- Education: University of Cambridge
- Scientific career
- Fields: Computer science
- Workplaces: Massachusetts Institute of Technology
- Thesis: (1989)
- Doctoral advisor: Roger Needham

= David L. Tennenhouse =

Canadian-American computer researcher and technology executive

David Lawrence Tennenhouse (born c. 1957) is a Canadian–American computer researcher and technology executive.

==Life==
Tennenhouse was born about 1957 in Ottawa, Canada.
He received a bachelor's and master's degree in electrical engineering from the University of Toronto. In 1989 he completed a PhD at the University of Cambridge under advisor Roger Needham.
His dissertation was Site interconnection and the exchange architecture.
He then joined the faculty of Massachusetts Institute of Technology (MIT).
He was chairman of the Technology and Policy Working Group of the US National Information Infrastructure Task Force at some time point.
In 1996 he became director of the Information Technology Office of the Defense Advanced Research Projects Agency (DARPA), overseeing US government research.

In 1999, he joined Intel as a director of research.
In 2001, he founded what were sometimes called the Intel Research Lablets.

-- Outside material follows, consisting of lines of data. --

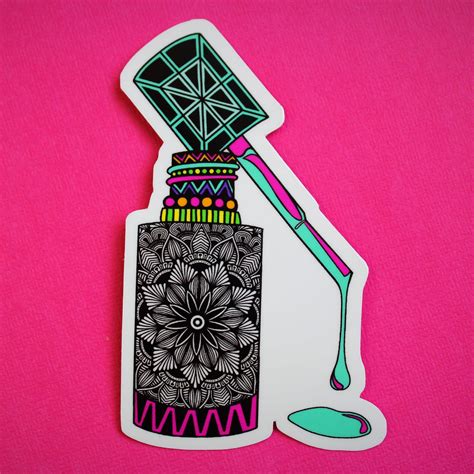 Nail Polish Bottle Waterproof Sticker! #hydroflask #aesthetic #laptop | Nail polish stickers ...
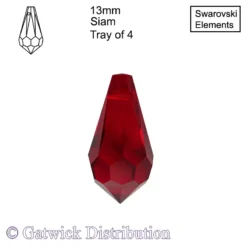 Swarovski Elements - Tear Drop - 13mm - Siam - Tray of 4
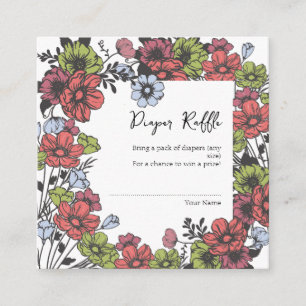 Colourful Pastel Wildflower Baby Diaper Raffle Enclosure Card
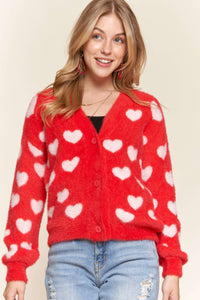 Red with Ivory Hearts Fuzzy Sweater Cardigan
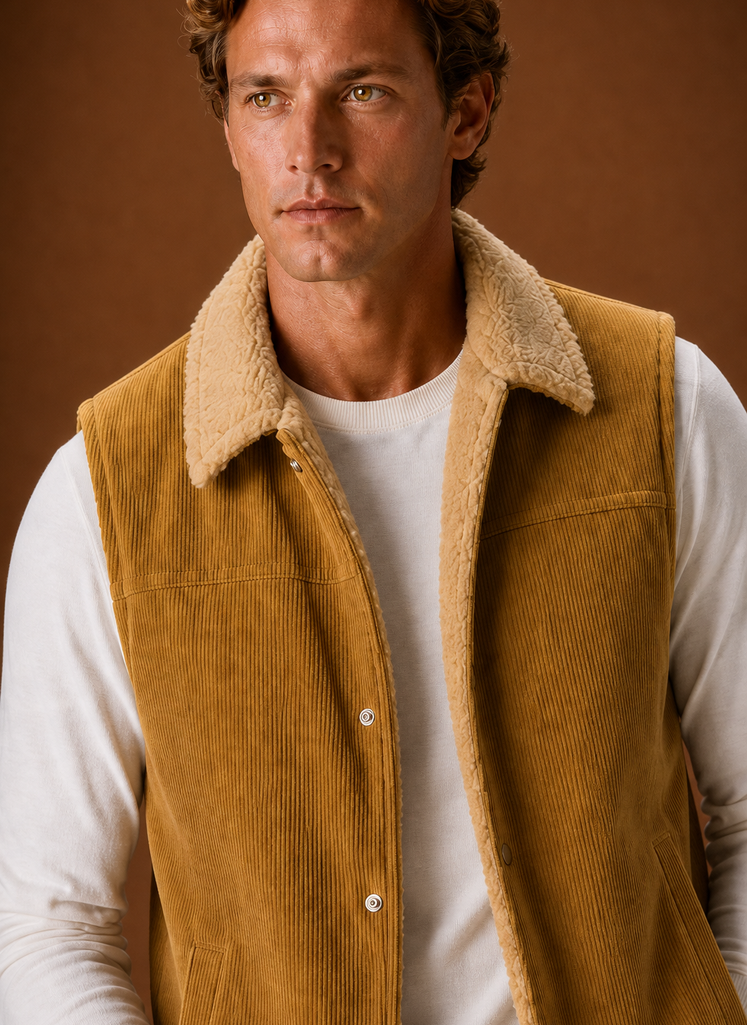 Men's Sherpa-Lined Vest - Warm Winter Gilet | Areleon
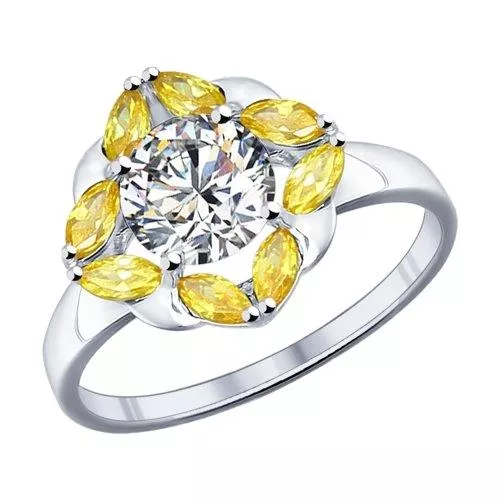 Кольцо из серебра с жёлтыми фианитами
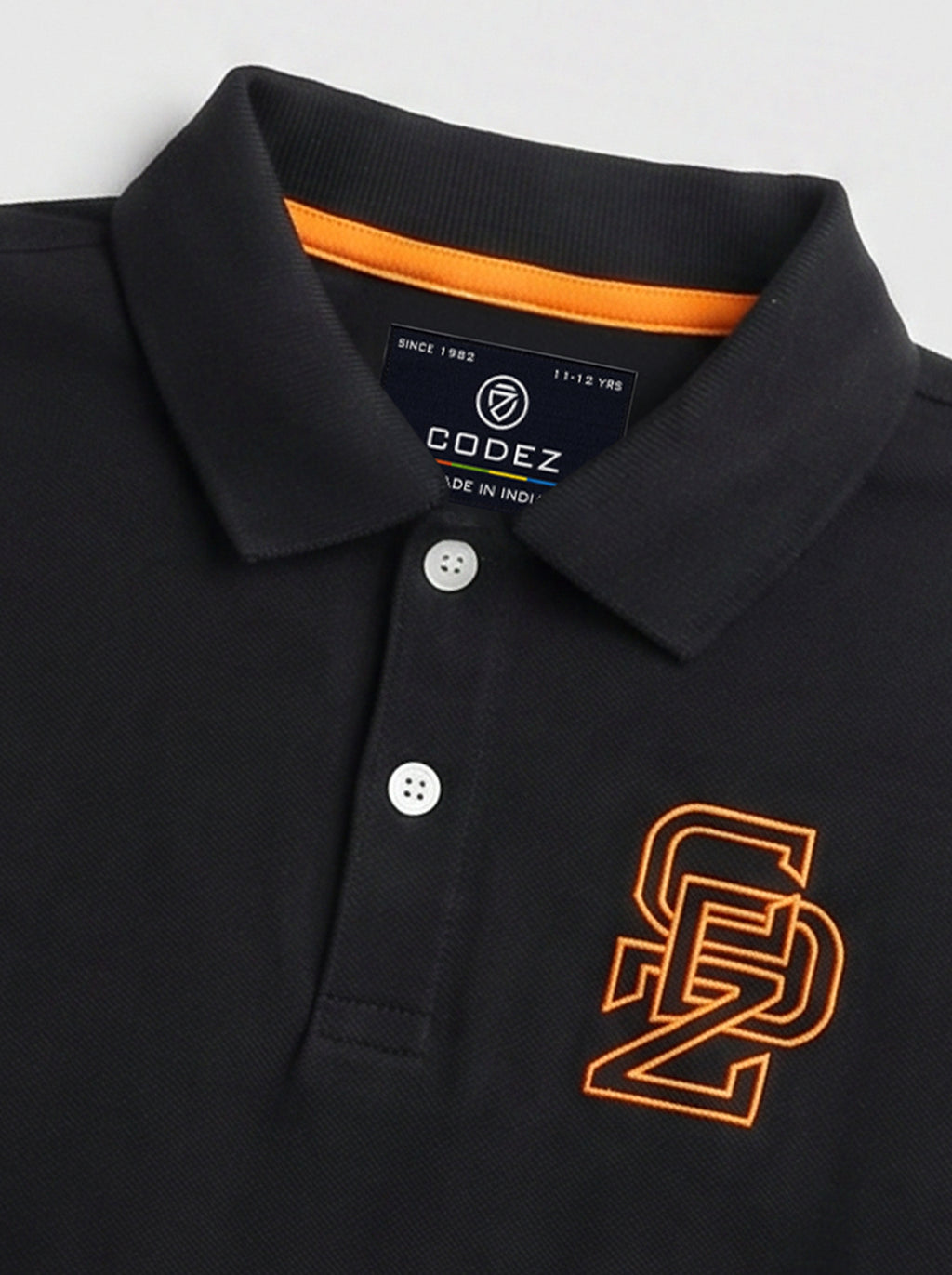CODEZ Boys Black Regular Fit Full Sleeve Polo T-Shirt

One of the projects sponsored was TinyOS.
In February 2006 he became the chief executive officer of A9.com, the search subsidiary of Amazon.com, replacing Udi Manber.
He left Amazon in September 2006. In 2007 he became a partner at the venture capital firm New Venture Partners.

In 2004, he was granted IEEE fellowship for leadership in the development of active networks.

In September 2012 he became vice president for technology policy at Microsoft.
In May 2014 he joined VMware to direct its research.